CREATE SERVER ossserver
FOREIGN DATA WRAPPER oss_fdw
OPTIONS (
    host 'oss-cn-xxx.aliyuncs.com',
    bucket 'mybucket',
    id 'xxx',
    key 'xxx'
);

The server options are:

Parameter Description
host OSS endpoint
bucket OSS bucket name
id AccessKey ID of your Alibaba Cloud account
key AccessKey secret of your Alibaba Cloud account

Map a foreign table to an OSS directory

  1. Create an OSS foreign table mapped to a directory.

       CREATE FOREIGN TABLE t1_oss (
           id INT,
           f FLOAT,
           txt TEXT
       )
       SERVER ossserver
       OPTIONS (dir 'archive/');
  2. Insert data. Data is written to the archive/ directory. Query the table to verify:

       INSERT INTO t1_oss VALUES (generate_series(1,100), 0.1, 'hello');
       EXPLAIN SELECT COUNT(*) FROM t1_oss;
                                  QUERY PLAN
       -----------------------------------------------------------------
        Aggregate  (cost=6.54..6.54 rows=1 width=8)
          ->  Foreign Scan on t1_oss  (cost=0.00..6.40 rows=54 width=0)
                Directory on OSS: archive/
                Number Of OSS file: 1
                Total size of OSS file: 1292 bytes
       (5 rows)
    
       SELECT COUNT(*) FROM t1_oss;
        count
       -------
          100
       (1 row)
  3. Each subsequent INSERT creates a new file in the same OSS directory.

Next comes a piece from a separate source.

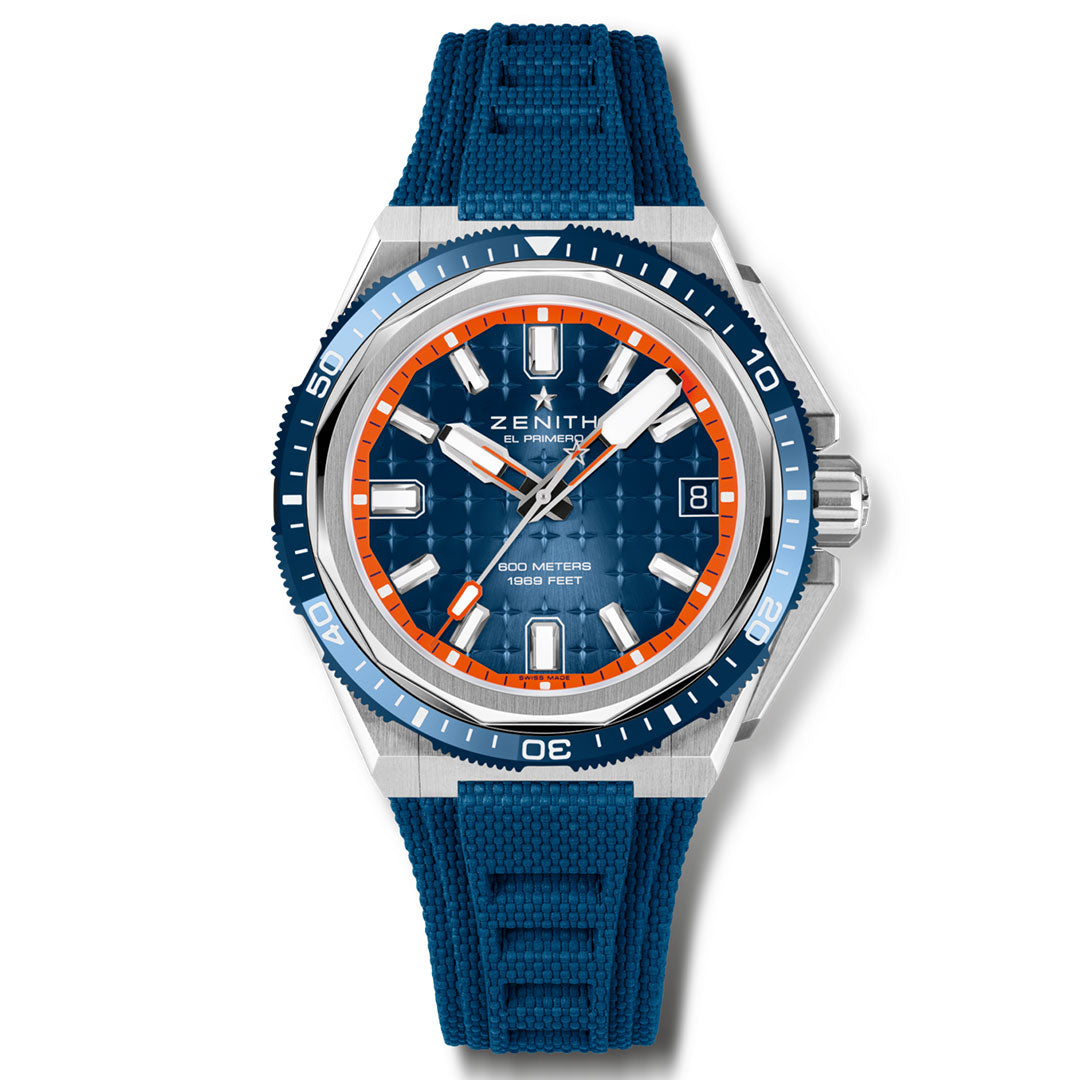 The ZENITH Defy Extreme Diver El Primero 3620 Automatic Chronograph 42.5mm Watch by Zenith showcases a blue face with orange accents and a blue fabric strap. It includes silver markers, hands, a date display, and "500 meters / 1650 feet." Its robust design is completed with a titanium case and an eye-catching blue and silver bezel.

       INSERT INTO t1_oss VALUES (generate_series(1,100), 0.1, 'hello');
    
       EXPLAIN SELECT COUNT(*) FROM t1_oss;
                                   QUERY PLAN
       -------------------------------------------------------------------
        Aggregate  (cost=12.07..12.08 rows=1 width=8)
          ->  Foreign Scan on t1_oss  (cost=0.00..11.80 rows=108 width=0)
                Directory on OSS: archive/
                Number Of OSS file: 2
                Total size of OSS file: 2584 bytes
       (5 rows)
    
       SELECT COUNT(*) FROM t1_oss;
        count
       -------
          200
       (1 row)
  4. Run TRUNCATE to remove all OSS files mapped to the foreign table.

       TRUNCATE t1_oss;
    
       SELECT COUNT(*) FROM t1_oss;
       WARNING:  does not match any file in oss
        count
       -------
            0
       (1 row)

Map a foreign table to a directory prefix

  1. Create a foreign table with the prefix option.

       CREATE FOREIGN TABLE t2_oss (
           id INT,
           f FLOAT,
           txt TEXT
       )
       SERVER ossserver
       OPTIONS (prefix 'prefix/file_');
  2. Each INSERT creates a new file with the specified prefix.

       INSERT INTO t2_oss VALUES (generate_series(1,100), 0.1, 'hello');
    
       INSERT INTO t2_oss VALUES (generate_series(1,100), 0.1, 'hello');
    
       EXPLAIN SELECT COUNT(*) FROM t2_oss;
                                   QUERY PLAN
       -------------------------------------------------------------------
        Aggregate  (cost=12.07..12.08 rows=1 width=8)
          ->  Foreign Scan on t2_oss  (cost=0.00..11.80 rows=108 width=0)
                Directory on OSS: prefix/file_
                Number Of OSS file: 2
                Total size of OSS file: 2584 bytes
       (5 rows)
    
       SELECT COUNT(*) FROM t2_oss;
        count
       -------
          200
       (1 row)

Specify the storage format

oss_fdw stores data in CSV format by default. Use the format option to specify a different format. Each INSERT writes data in the specified format to an OSS file.

CREATE FOREIGN TABLE t3_oss (
    id INT,
    f FLOAT,
    txt TEXT
)
SERVER ossserver
OPTIONS (dir 'archive_csv/', format 'csv');

List files for an OSS foreign table

  1. Create a foreign table and run three INSERT statements to write data to three OSS files.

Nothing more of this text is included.